Python Extension loader (PEL)

Introduction

The Python extension loader(PEL) is a Java extension that manages the Python extensions built using the altair-aitools-devkit pacakge. The PEL seamlessly integrates the Python extensions into the Altair AI Tools ecosystem.

What PEL does

  • Loads operator definitions from Python extensions (names, parameters, ports, etc.)
  • Manages the execution of Python code using the appropriate Python distribution
  • Handles data serialization between Java and Python
  • Makes Python extensions appear and behave just like native AI Studio operators in your workflows

Where to place Python Extensions

By default, PEL looks for Python extension .zip file in one of these locations:

  • ~/.RapidMiner/extensions/python-extensions
  • ~/.AltairRapidMiner/AI Studio/shared/extensions/python-extensions

To specify a different location, use one of the these methods:

  1. In Altair AI Studio settings: Set pysdk.pel.extLoc to your extensions directory
  2. System property: Set pysdk.pel.extLoc to your extensions directory
  3. Environment variable: Set PYSDK_PEL_EXT_LOC to your extensions directory.

When properly configured, you'll see this log message

INFO: Looking for Python extensions in /path/to/py-extensions

In case of an error, you will see this in your log:

Failed to load Python extensions

Python Distribution Management

A Python distribution consists of a key string, and an optional version string.
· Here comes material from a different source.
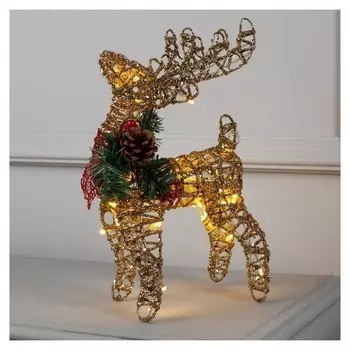Фигура "Олень золотой", 30 см, от батареек, т/белый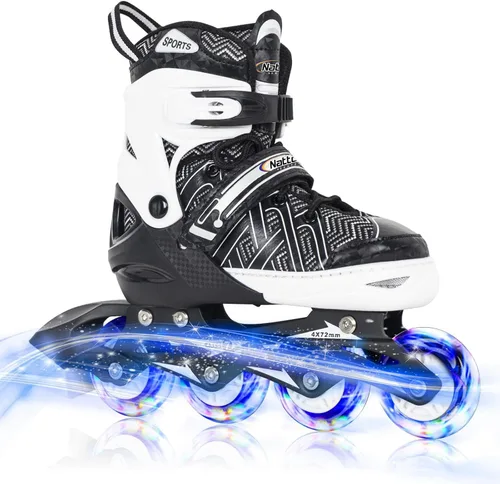 Nattork Patines en línea ajustables para niños y niñas, azul negro rojo con ruedas iluminadas, patinaje sobre ruedas juvenil para principiantes de 3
If no version is provided, latest is used. See below for ways how Python distributions can be made available to Python extensions:

The distribution mode and the installation process are chosen based on what is available, in the order below.

Flowchart of distribution lookup process

1. Environment creation via Miniforge (online)

Requirements:

  • Miniforge has not been disabled via the setting below
  • A conda environment definition file env.yml is present in the root directory of the Python extension

Description:

This is the default mode. This will create the environment based on the .yml file via Miniforge on demand (if it has not already been created by an earlier start / another Python extension) via the conda-forge channel.

The Miniforge installer will be downloaded and verified automatically when needed (but can also be provided via the resource location). Currently supported Miniforge installers:

  • Miniforge3-24.3.0-0-Windows-x86_64.exe
  • Miniforge3-24.3.0-0-MacOSX-arm64.sh
  • Miniforge3-24.3.0-0-MacOSX-x86_64.sh
  • Miniforge3-24.3.0-0-Linux-aarch64.sh
  • Miniforge3-24.3.0-0-Linux-ppc64le.sh
  • Miniforge3-24.3.0-0-Linux-x86_64.sh

To disable the use of Miniforge, you have 3 options, the first one to be specified is used:

  1. Use the Settings with the key pysdk.pel.disableMiniforge set to true
  2. Use a system property with the key pysdk.pel.disableMiniforge set to true
  3. Use an environment variable with the key PYSDK_PEL_DISABLE_MINIFORGE set to true

Look for the following log line to indicate you set this up correctly:

INFO: Disabled Python distribution Miniforge usage

Sometimes the default Miniforge installation location is not desirable (e.g. due to Conda bugs with whitespaces or special characters, e.g. https://github.com/conda/conda/issues/10239). In those cases, you can change the location where Miniforge is installed to / is looked up in.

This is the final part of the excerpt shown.